**WHAT TO DO**: Given the entries that follow, write out exactly the lines starting at the one containing "Iwostin Pure Balance, oczyszczająca" and ending at the one containing "PHOENIX CONTACT SAFET", both ends included, and only those.

____________

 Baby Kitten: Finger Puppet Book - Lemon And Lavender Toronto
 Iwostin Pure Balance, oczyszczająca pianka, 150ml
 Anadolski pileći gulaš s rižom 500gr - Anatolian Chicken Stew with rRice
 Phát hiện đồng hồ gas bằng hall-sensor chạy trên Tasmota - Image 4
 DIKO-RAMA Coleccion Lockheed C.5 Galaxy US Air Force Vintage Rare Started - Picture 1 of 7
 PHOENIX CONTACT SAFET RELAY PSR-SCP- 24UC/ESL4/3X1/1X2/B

____________

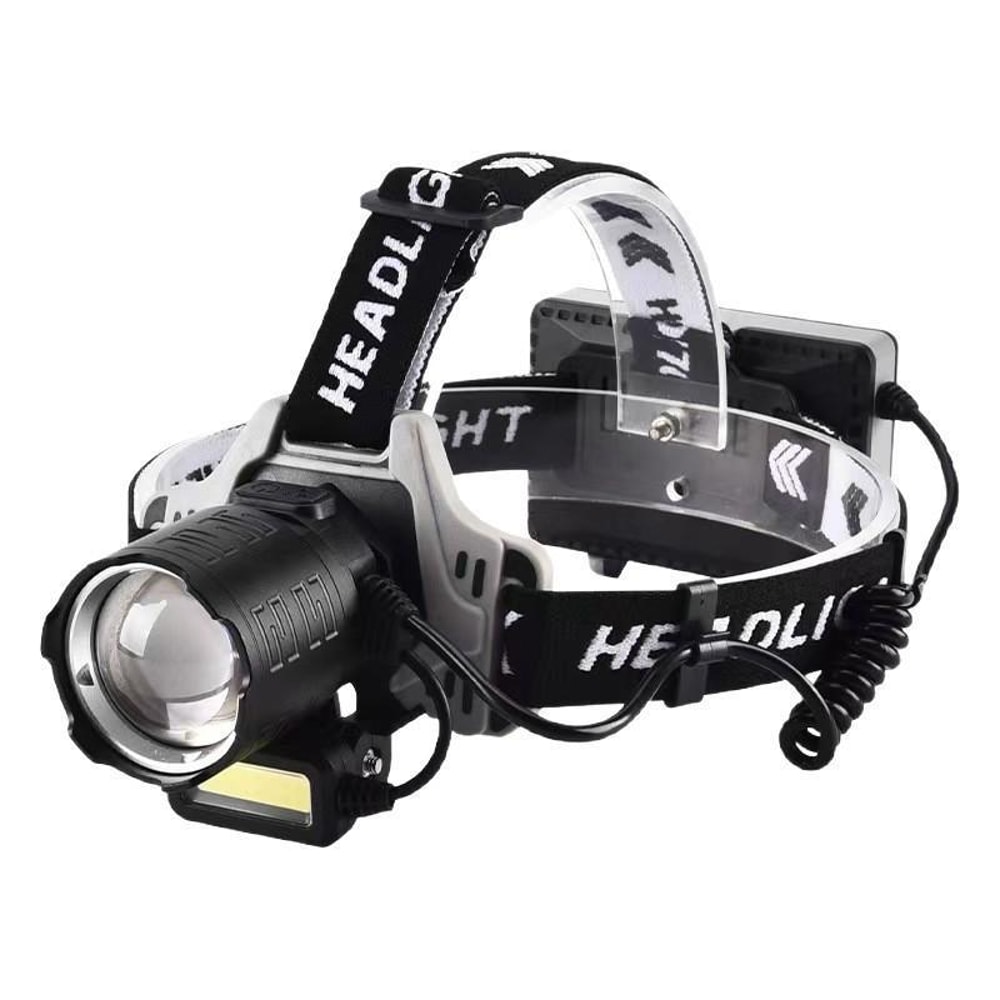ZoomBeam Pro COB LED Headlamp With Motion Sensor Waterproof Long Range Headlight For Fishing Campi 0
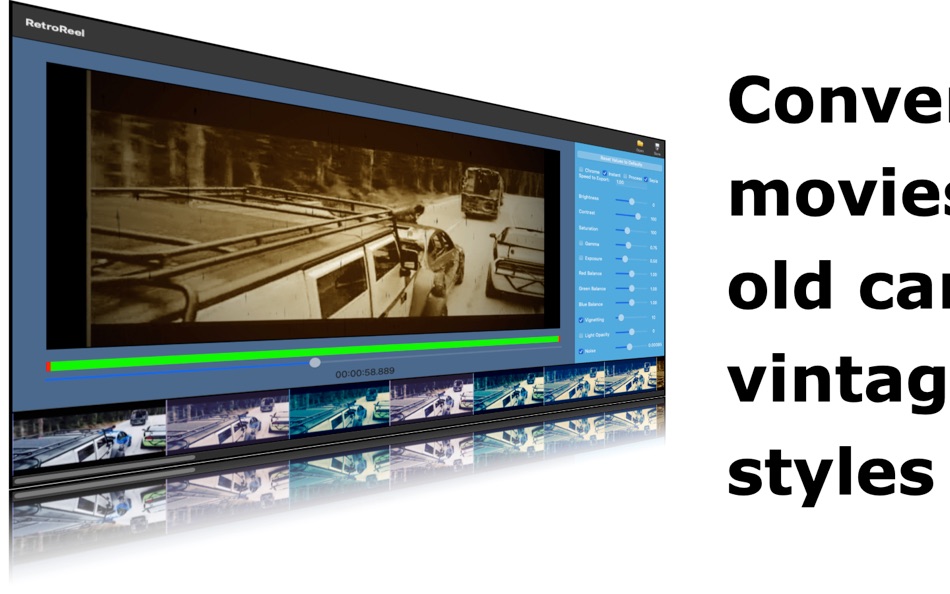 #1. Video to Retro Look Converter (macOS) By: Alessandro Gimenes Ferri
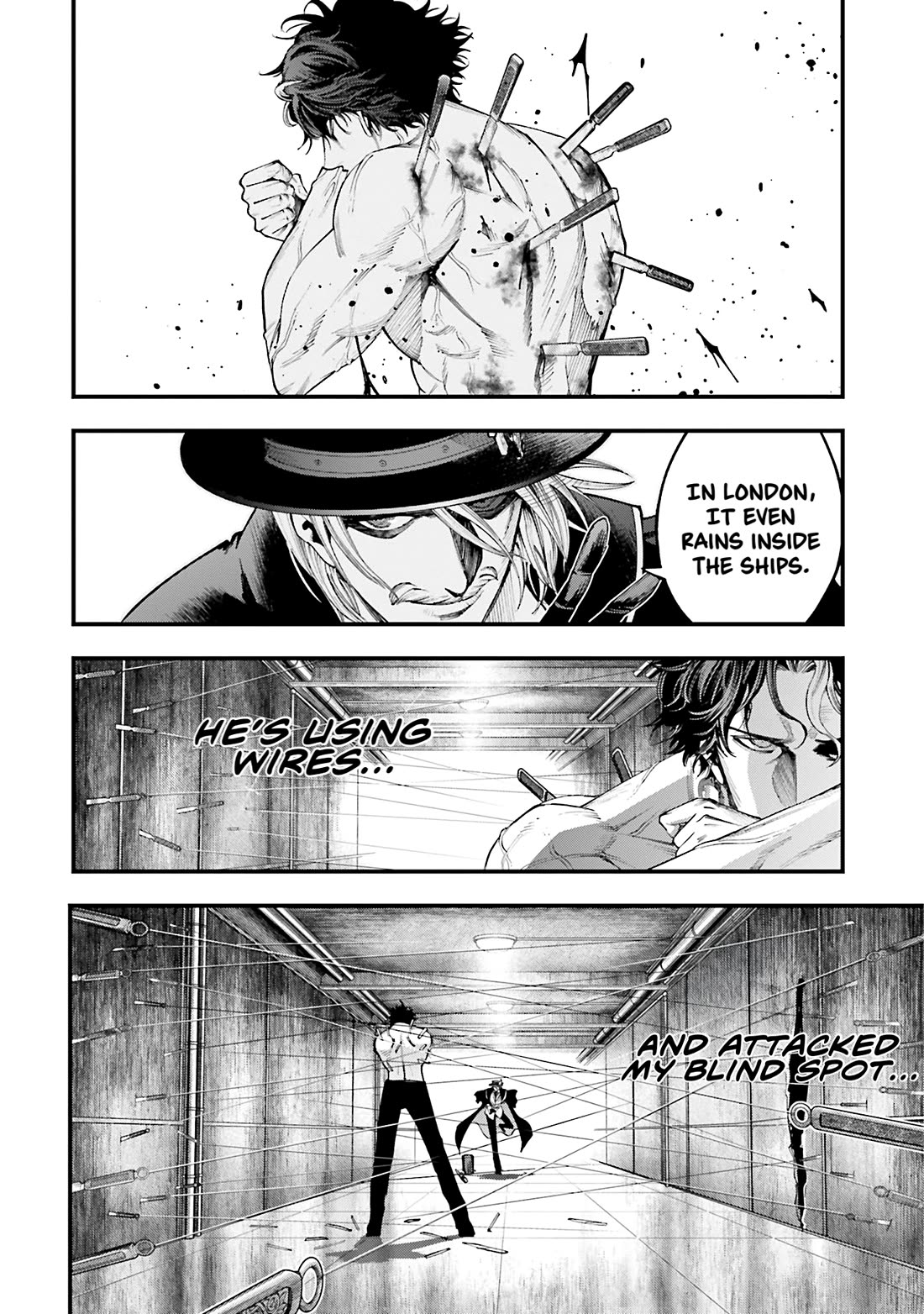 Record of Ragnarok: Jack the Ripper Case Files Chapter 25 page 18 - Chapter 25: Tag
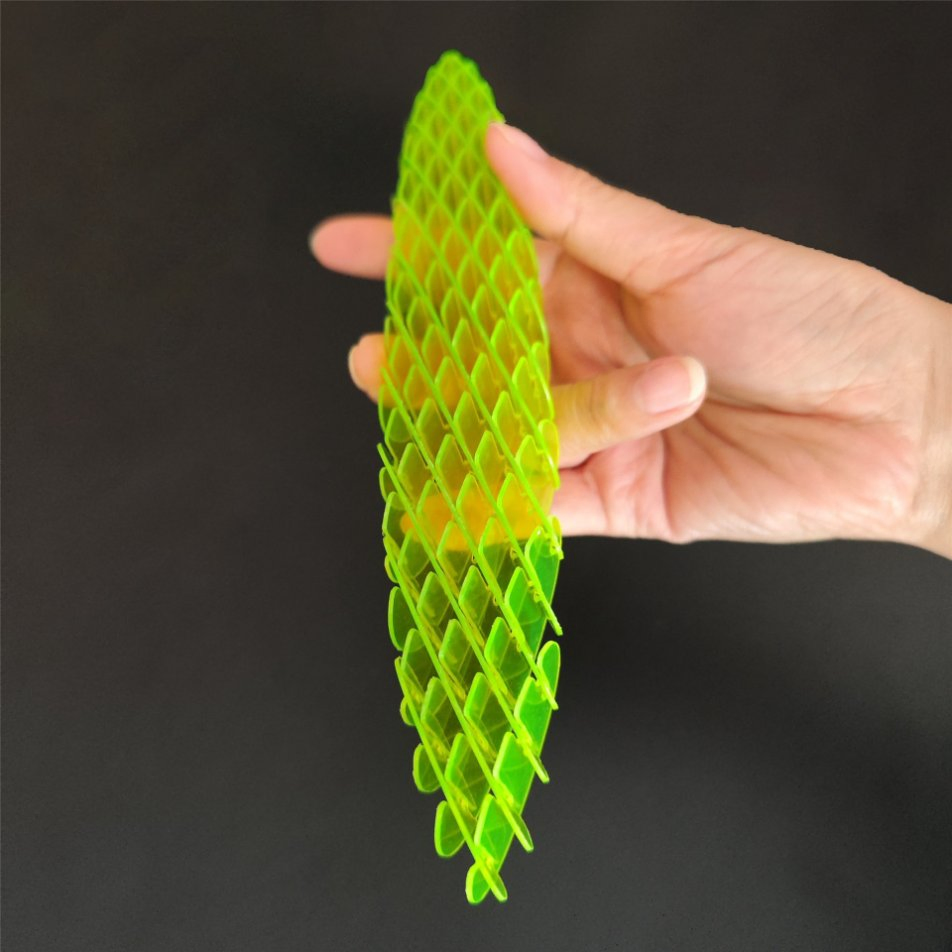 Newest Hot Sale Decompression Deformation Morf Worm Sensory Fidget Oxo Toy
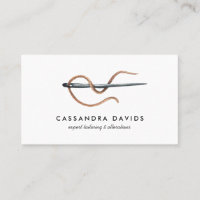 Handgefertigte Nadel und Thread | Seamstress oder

____________

**RESULT OF THE EXERCISE**:
 Iwostin Pure Balance, oczyszczająca pianka, 150ml
 Anadolski pileći gulaš s rižom 500gr - Anatolian Chicken Stew with rRice
 Phát hiện đồng hồ gas bằng hall-sensor chạy trên Tasmota - Image 4
 DIKO-RAMA Coleccion Lockheed C.5 Galaxy US Air Force Vintage Rare Started - Picture 1 of 7
 PHOENIX CONTACT SAFET RELAY PSR-SCP- 24UC/ESL4/3X1/1X2/B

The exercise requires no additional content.